> _WORK TO COMPLETE_
Beginning with the line that holds "2024 GMC Canyon Elevation's photo", copy each line through the end of the material below, exactly and with no pictures.

> _MATERIAL FOR THIS TASK_
•••

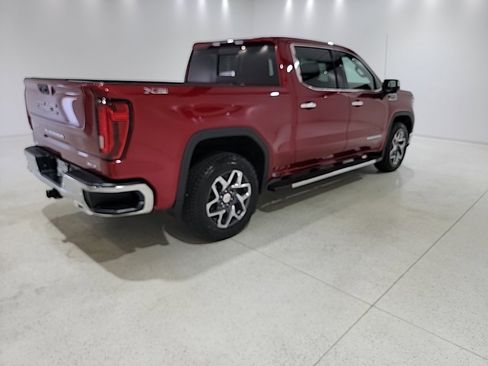 Used 2026 GMC Sierra 1500 SLT w/ SLT Premium Plus Package AWD/4WD image 5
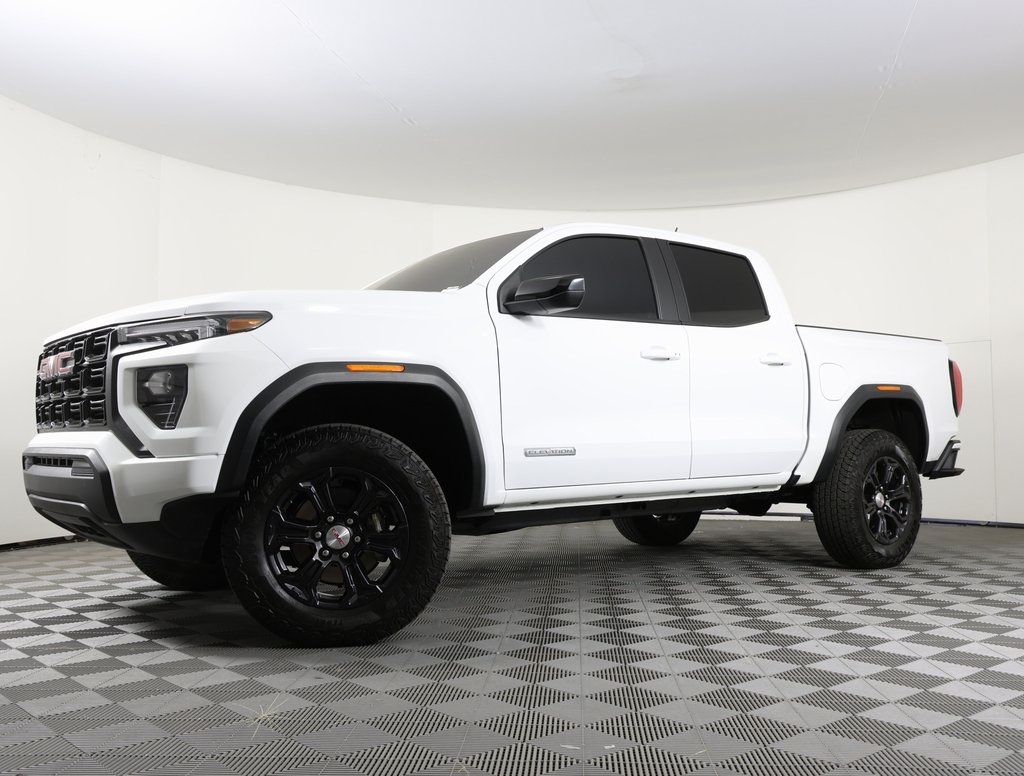 2024 GMC Canyon Elevation's photo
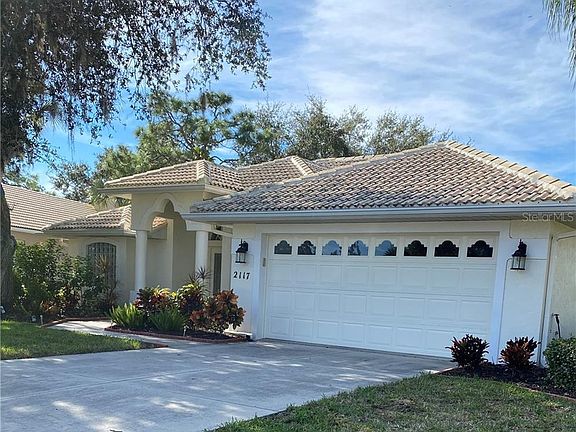3rd image of 2117 Tocobaga Ln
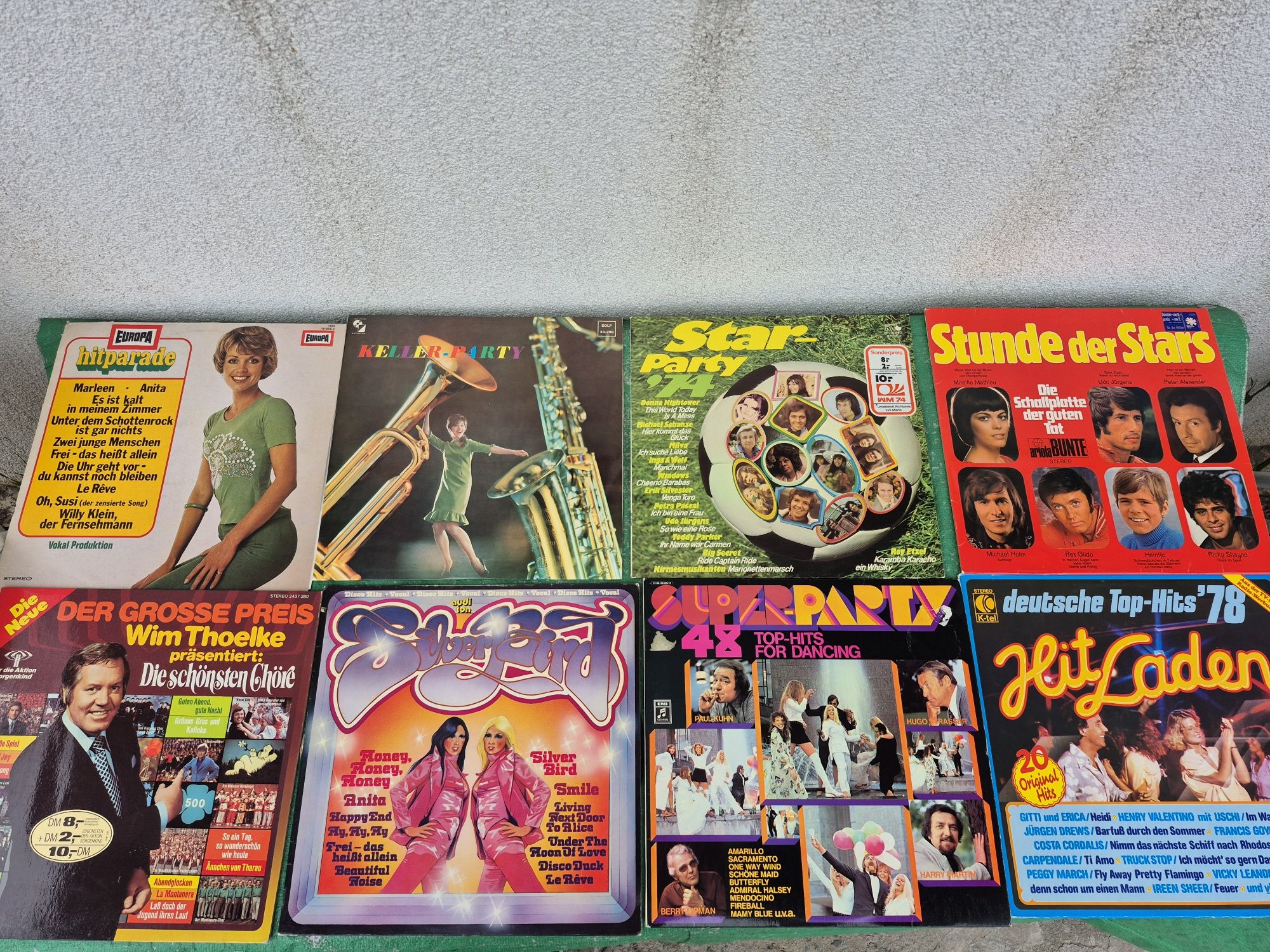 Lot Discuri Vinil colectie 100 LP  cu muzica usoara straină mixta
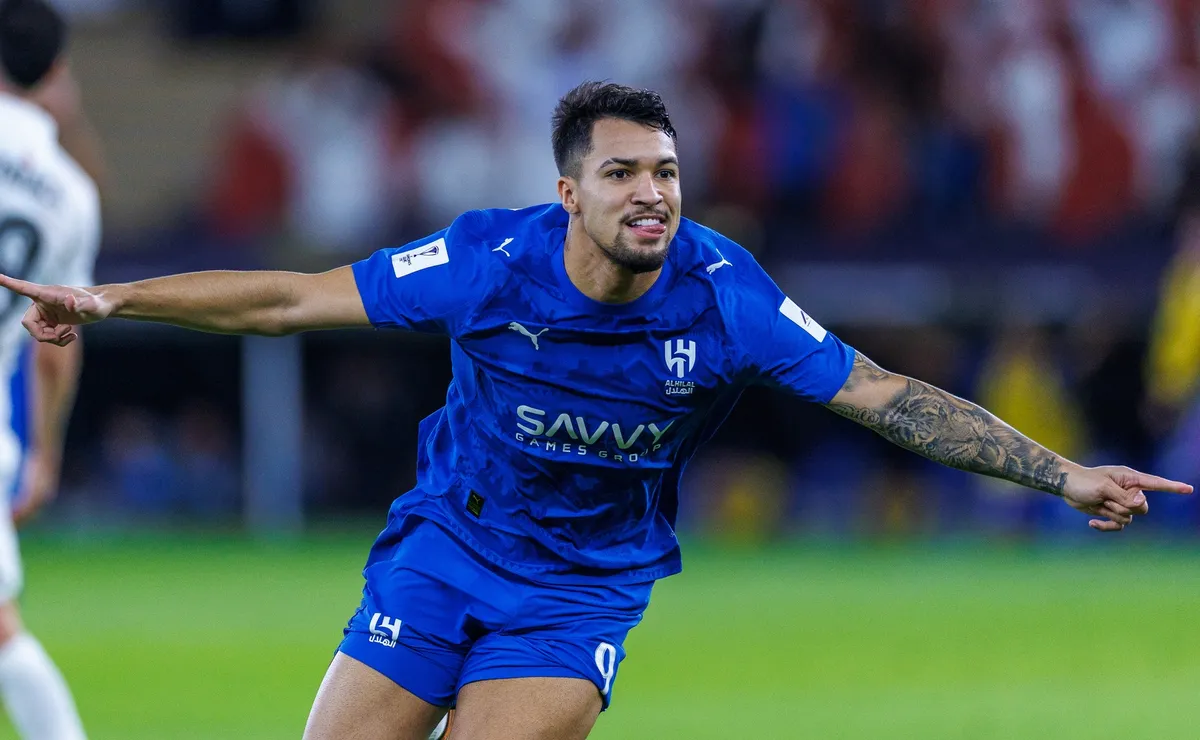 Marcos Leonardo negocia saída do Al-Hilal e Flamengo prepara proposta pelo centroavante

•••

> _RESULT OF THIS EXERCISE_
 2024 GMC Canyon Elevation's photo
3rd image of 2117 Tocobaga Ln
 Lot Discuri Vinil colectie 100 LP  cu muzica usoara straină mixta
 Marcos Leonardo negocia saída do Al-Hilal e Flamengo prepara proposta pelo centroavante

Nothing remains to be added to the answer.